WHAT TO WORK ON:
Write out exactly the lines from the one containing "Komatsu sk04-2 s/n 3001-up Parts catalog cover Page 10 Komatsu" to the end of the material, both ends included, and nothing else. Leave pictures out.

DATA PROVIDED:
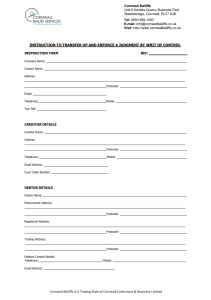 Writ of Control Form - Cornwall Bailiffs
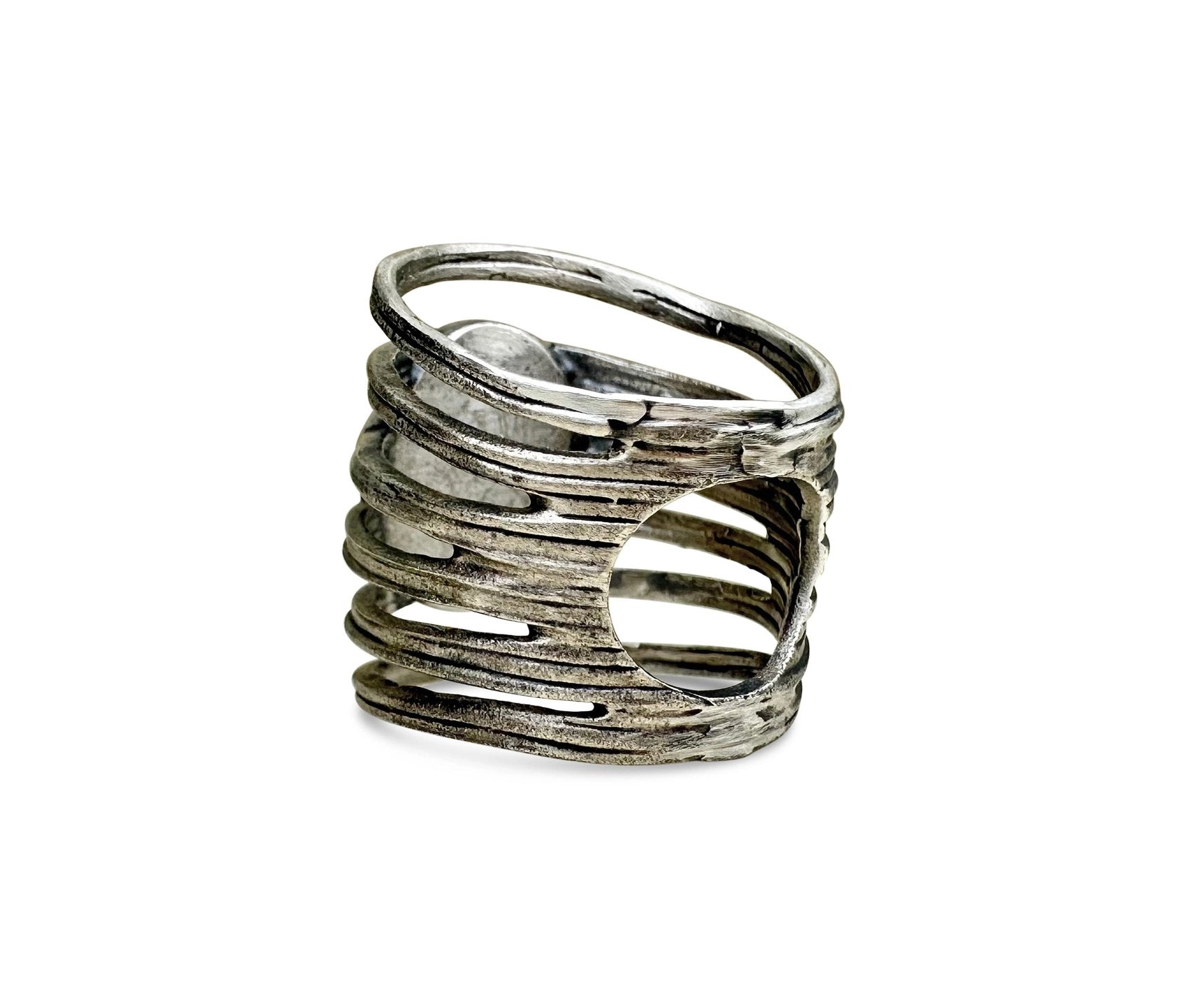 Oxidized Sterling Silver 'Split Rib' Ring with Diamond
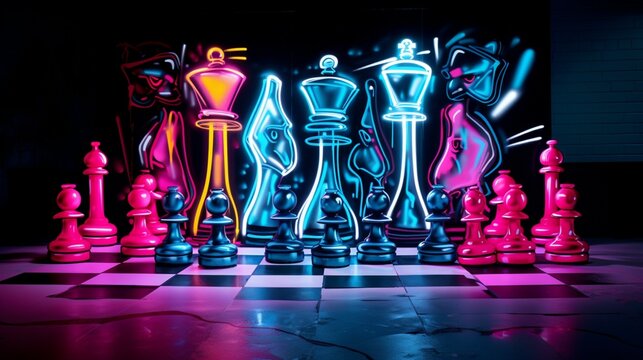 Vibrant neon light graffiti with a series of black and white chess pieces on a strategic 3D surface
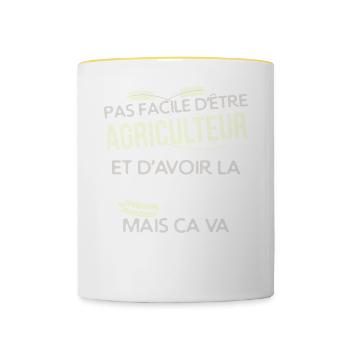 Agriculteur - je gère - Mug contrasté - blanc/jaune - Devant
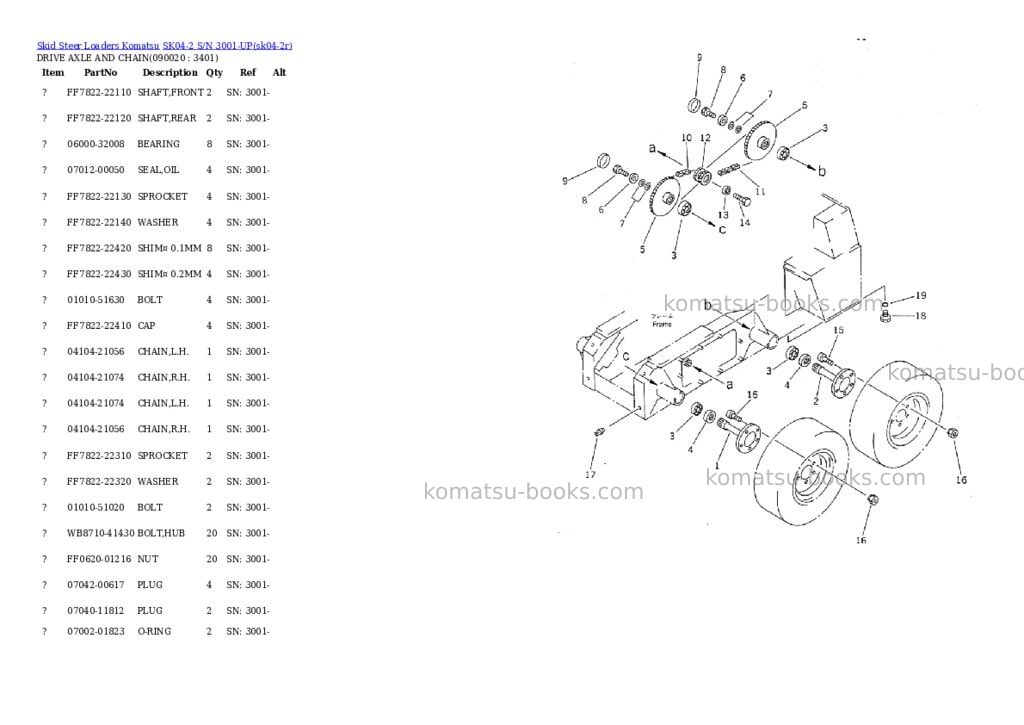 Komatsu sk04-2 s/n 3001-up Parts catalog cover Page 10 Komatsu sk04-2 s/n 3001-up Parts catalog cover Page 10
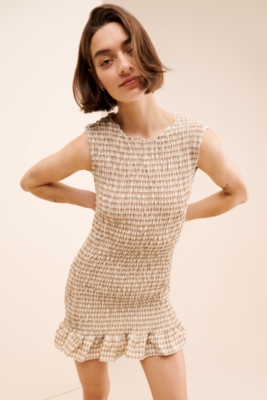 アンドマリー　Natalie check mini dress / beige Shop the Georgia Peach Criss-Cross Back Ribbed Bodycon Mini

EXPECTED ANSWER:
 Komatsu sk04-2 s/n 3001-up Parts catalog cover Page 10 Komatsu sk04-2 s/n 3001-up Parts catalog cover Page 10
 アンドマリー　Natalie check mini dress / beige Shop the Georgia Peach Criss-Cross Back Ribbed Bodycon Mini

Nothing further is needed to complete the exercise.